Now that you know your audience, you can begin to adjust your site to meet their needs. In doing so, the W3C recommends that you consider four principles of universal access. In order for your site to be accessible by everyone, it must be:

  1. Perceivable, with information and design that any user can perceive. At least one of the senses must be able to perceive the content.
  2. Operable, with interfaces and navigation that any user can act on in some way or another.
  3. Understandable, with both the content and the functionality being fully understandable and intuitive for any user.
  4. Robust enough so that the content and functionality can be perceived and navigated by any technological user proxy, such as software that reads the site for the blind.

Companies, using these four principles as a rubric, can look at each individual component of their site and analyze them in terms of the disabled peoples listed above.

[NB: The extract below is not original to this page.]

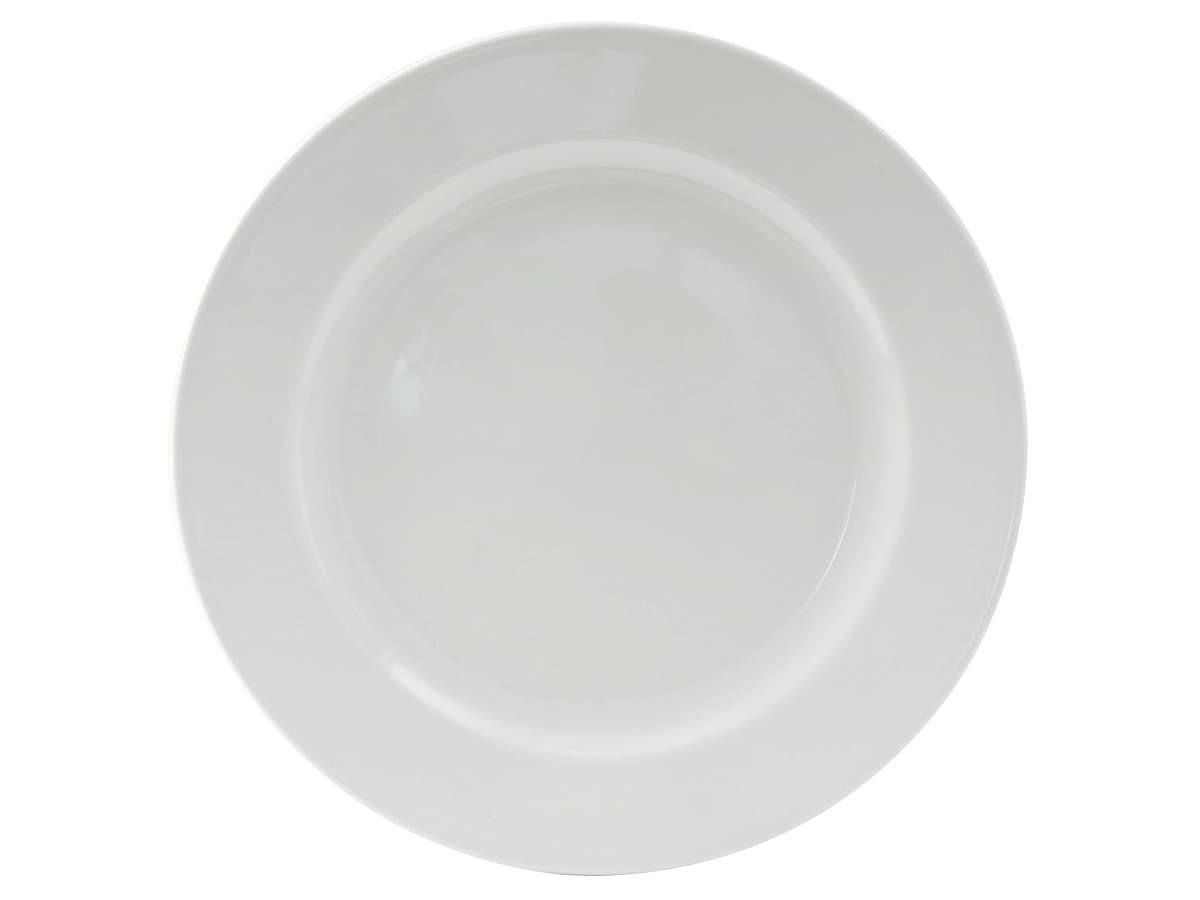 Alaska Plate 11 IN China Porcelain White Round Wide Rim Rolled Edge Fully Vitrified 12/Case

For example, can your images be conveyed verbally by screen reader software (robust) to a blind person? Are your GUIs large enough to be clickable (operable) by an individual with severe hand tremors? Does your Flash video have alt text or subtitles so that the content can be seen (perceivable) by a deaf person? Is the text on your site clean and spaced out enough so that a dyslexic individual can more easily process it (understandable)? If any answer is no, then you know where to start.

 

3: Set up an internal process to address accessibility issues

Change Comes Regardless

The nature of websites is to change. With the exception of a very slim few, every website changes periodically – some even daily. They are updated and redesigned, and content is added and deleted. It’s important to regularly evaluate your site for accessibility barriers. Ideally, this should be done for every segment that gets added or rearranged every time it happens. Pending the size of your business, this can be impractical, but not impossible.

There are many published guides on web accessibility. The W3C has several for free online, but they can be long and involved. Pending your level of expertise, it could be a project in and of itself just to read these things. When you have a business to run, or even just a department to manage, it’s seldom possible to devote such time and effort into something like web accessibility.

Spend to Gain

We have already established that web accessibility can equal additional revenue for your company or business unit. Through increased traffic, increased traffic quality, a better reputation, and higher direct revenue, accessibility redesigns can boost your bottom line by as much as 17%. So if you don’t have an in-house webmaster, it is a good idea to contract a consultant to handle the evaluation for you, and to make any necessary changes uncovered during that evaluation. The fee he charges would be considered nominal in comparison to the revenue that such a redesign can generate. In addition to doing the right thing for society, you’re doing the right thing for your business.